■ **WORK ITEM**
Once the line holding "Sphynx-kat Herdenking Zilver" is found in the listing below, write it out and each later line exactly, up to and including the one holding "Hair and Mask, Top".

■ **SUPPLIED RECORDS**
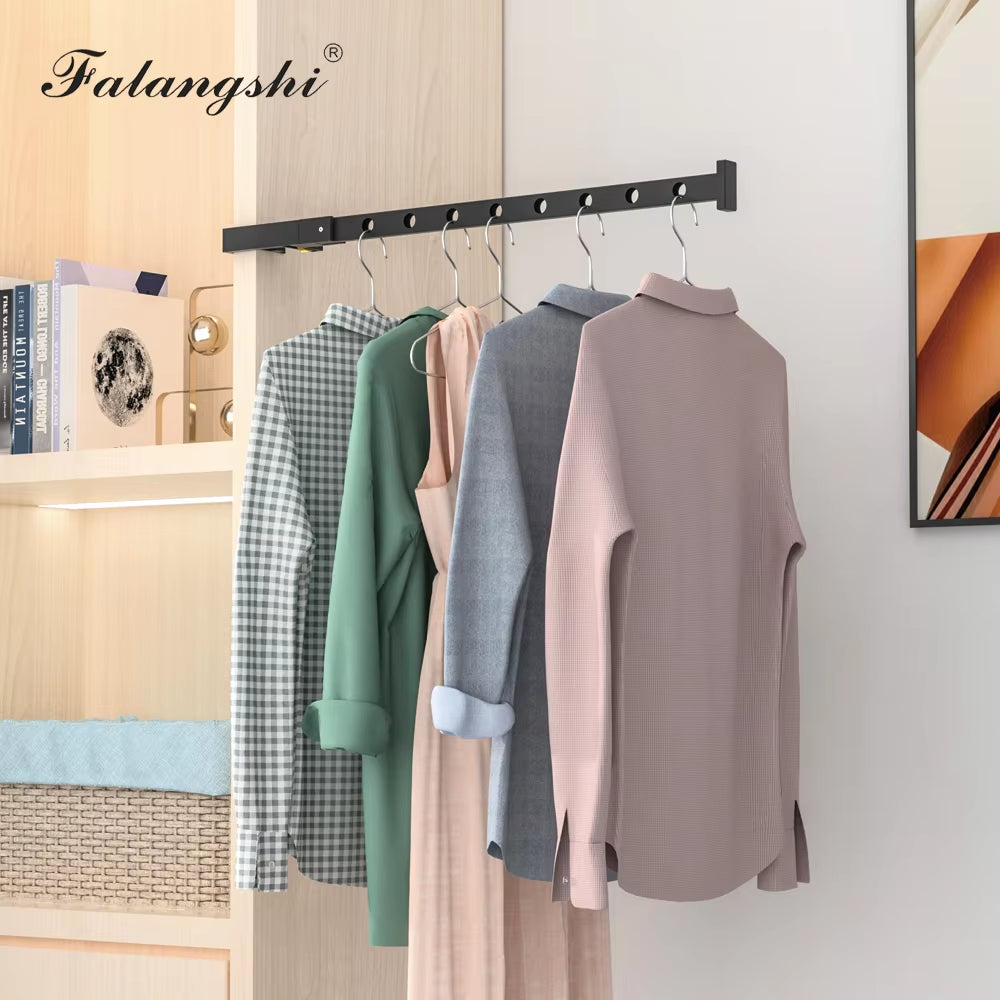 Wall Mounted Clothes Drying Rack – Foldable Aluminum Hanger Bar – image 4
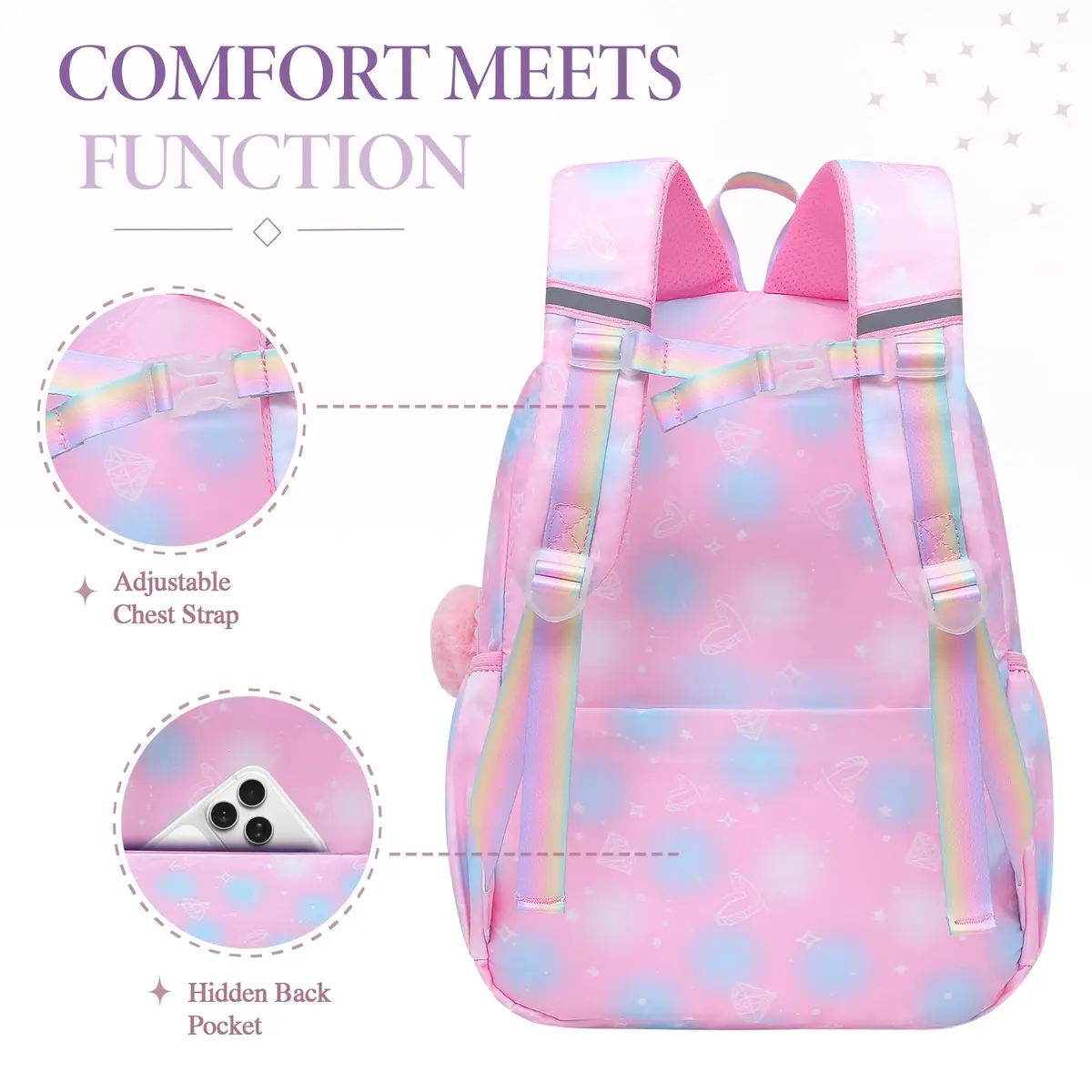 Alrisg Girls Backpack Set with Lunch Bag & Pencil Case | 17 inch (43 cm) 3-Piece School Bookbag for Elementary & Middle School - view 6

--

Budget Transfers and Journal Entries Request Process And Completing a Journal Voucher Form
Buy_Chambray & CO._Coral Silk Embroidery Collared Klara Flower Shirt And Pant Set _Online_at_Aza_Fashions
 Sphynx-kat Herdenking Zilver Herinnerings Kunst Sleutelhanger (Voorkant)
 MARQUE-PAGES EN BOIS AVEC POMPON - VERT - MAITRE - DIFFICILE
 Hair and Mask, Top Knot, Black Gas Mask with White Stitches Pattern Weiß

■ **RESULT BELOW**
 Sphynx-kat Herdenking Zilver Herinnerings Kunst Sleutelhanger (Voorkant)
 MARQUE-PAGES EN BOIS AVEC POMPON - VERT - MAITRE - DIFFICILE
 Hair and Mask, Top Knot, Black Gas Mask with White Stitches Pattern Weiß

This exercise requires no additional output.